A squirrel descends an oak at high speed while rolicking robin music plays in the background. Closeup on the maple buds round as stoplights.
Plummer’s Hollow
April 8, 2011
Despite the steady rain and continued cold, the first daffodils are out around the dog statue, limp yellow frocks sodden against the ground.
April 7, 2011
Ten blackbirds fly over without stopping. The soft songs of juncos: are they pining for their north woods? It can’t be long now.
April 6, 2011
Cold. The fat daffodil buds sag on their stalks. Will this be a year without a spring? Will warblers return to find a sleeping forest?
April 5, 2011
The porch is sleek with blown rain. Just past dawn I glimpse a small hawk circling low over the trees—long-tailed accipiter, a dark cross.
April 4, 2011
Kinglets move through the birches. I think of their statelets: hidden expandable nests, clutch that weighs as much as the bird that laid it.
April 3, 2011
I’m enjoying the stillness: that great word that reminds us that sound too is a form of motion. But the shadows do move. A crow calls.
April 2, 2011
A mourning dove skimming the treetops flies off toward the northeast, the whistle of its wingbeats like something from the age of steam.
April 1, 2011
Snow for April 1, fine, but I want something crazier: egg thief in a tree, yellow dwarf for a sun, a message in lights from every false god.
March 31, 2011
Three inches of sticky snow have turned the trees white and intricate, with many moving parts: sparrows, robins, a blackbird’s creak.
March 30, 2011
Overcast. A train whistle coming from the wrong direction.
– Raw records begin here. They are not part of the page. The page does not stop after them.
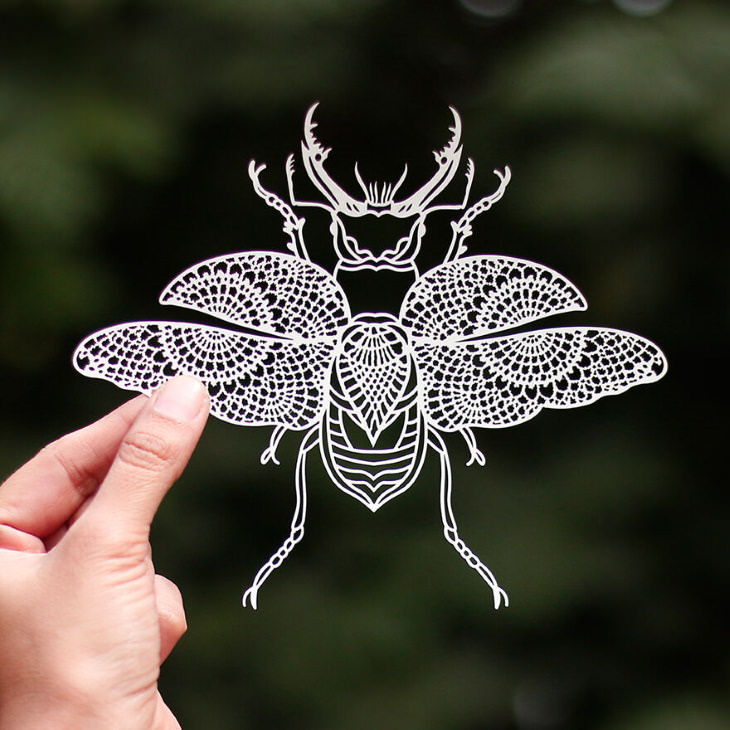 Arte Animal En Papel, escarabajo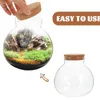 Vases 2 PCS Micro Landscape Ecological Bottle Decorcor Decor Bourse Micro-Landscape Monitor Boucard Décore Home Cork vide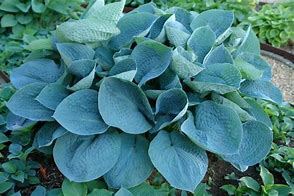 Hosta 'Love Pat'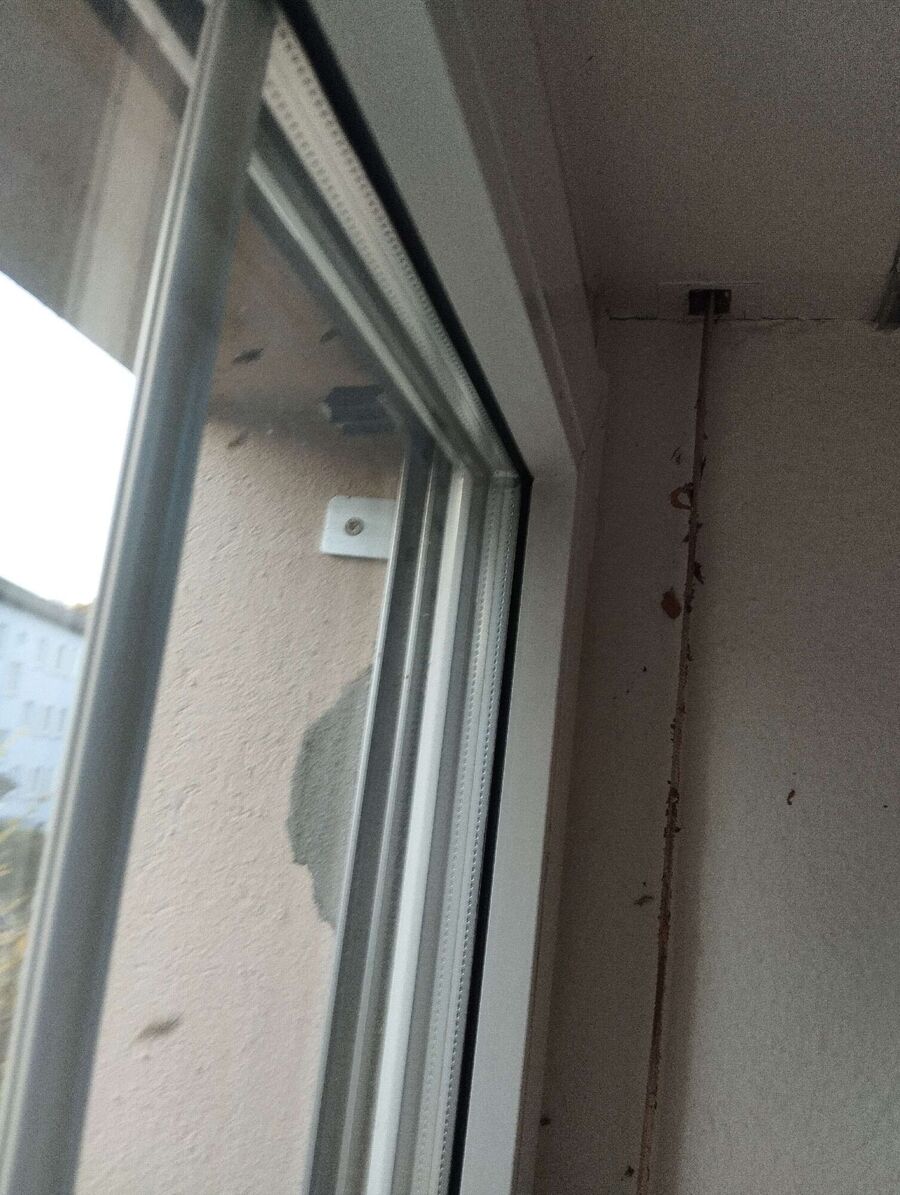  Bienennest entfernen.jpeg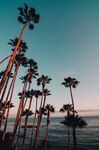 海边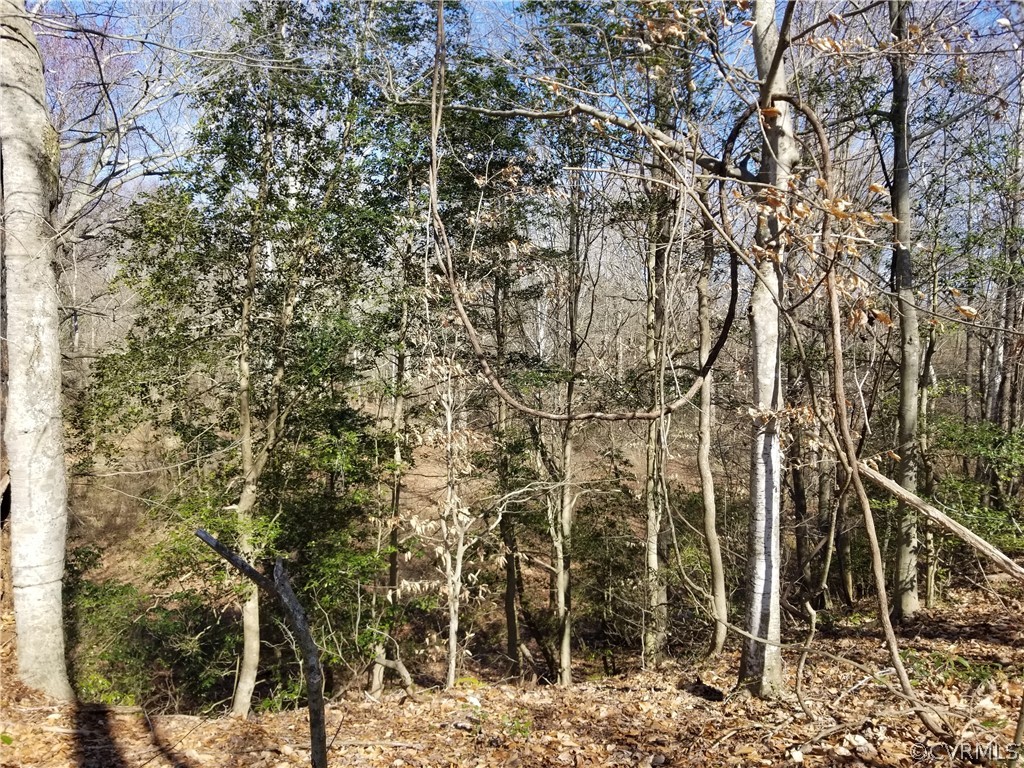 0 Spring Cottage Road Aylett, VA 23009 - Photo 21 of 26 Gallery Image 21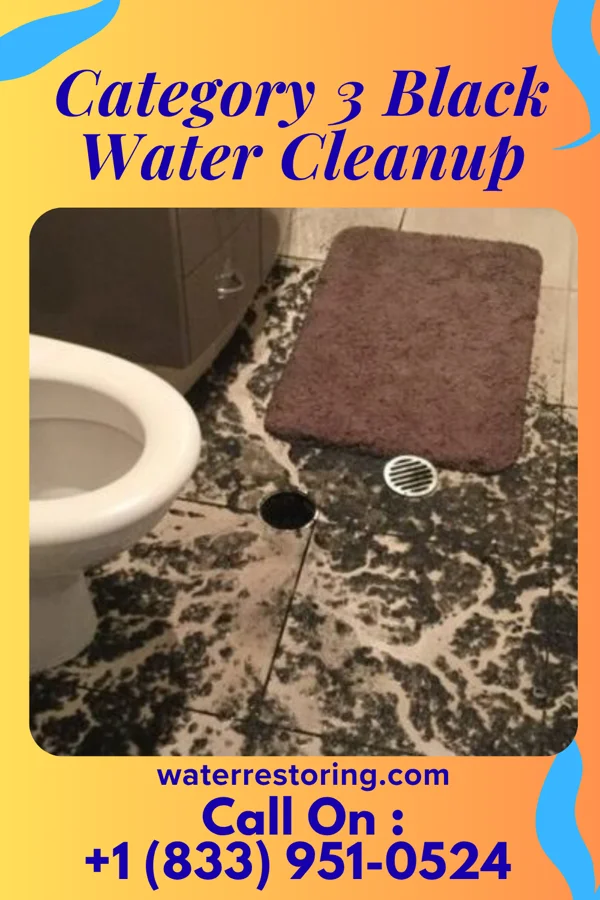 Category 3 Black Water Cleanup in Brooksville, FL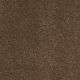 Flora in Vintage Brown - Carpet by Shaw Flooring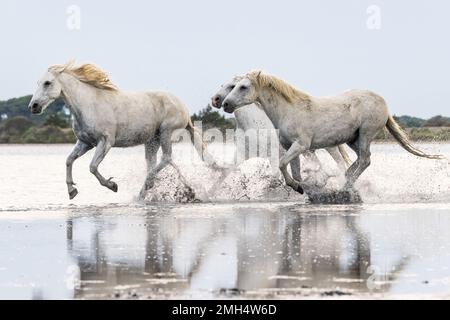 Saintes-Maries-de-la-Mer, Bouches-du-Rhône, Provence-Alpes-Côte d'Azur, France. Troupeau de chevaux traversant les marais de la Camargue. Banque D'Images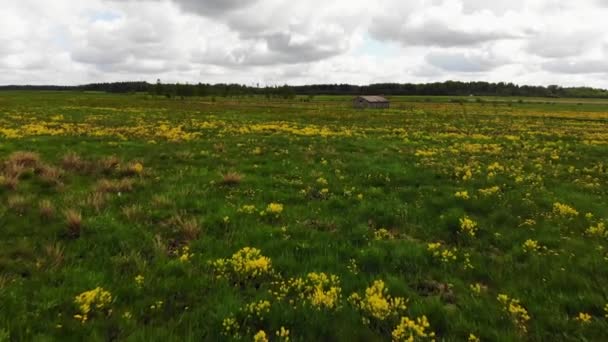 Campo Verde Com Flores Amarelas Selvagens Lituânia Campo Com Casa — Vídeo de Stock
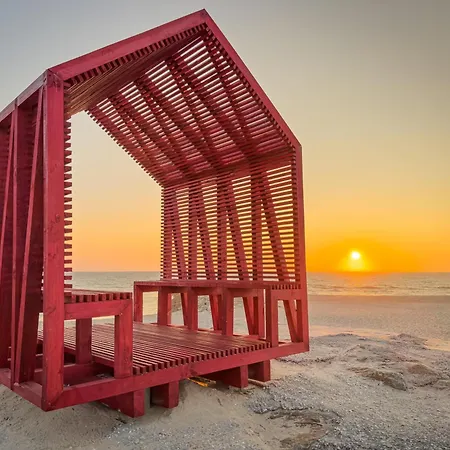 House With Pool And Garden In Near Porto Esmoriz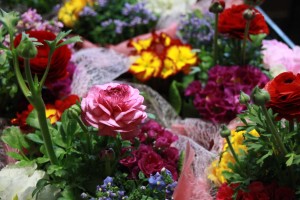 12695447_938152256262841_975646933_o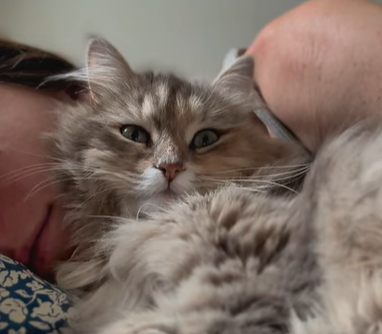 Woman Shares Emotional Insight About Her Loyal Cat - 'She's Always By My Side'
The resident naturalist stops at the corner of the wall, gets out her hand lens.
March 29, 2011
A pair of ducks fly silently through the trees: the mallards who return every spring to nest on the mountain, a mile from the nearest pond.
March 28, 2011
A little less cold, a little less clear as we inch toward the warm mud of April. The cardinal pays her morning visit to her glassy rival.
March 27, 2011
The rapid scrabble of claws on bark, that waterfall sound. Three chasing squirrels spiral down the big locust like an animated barber pole.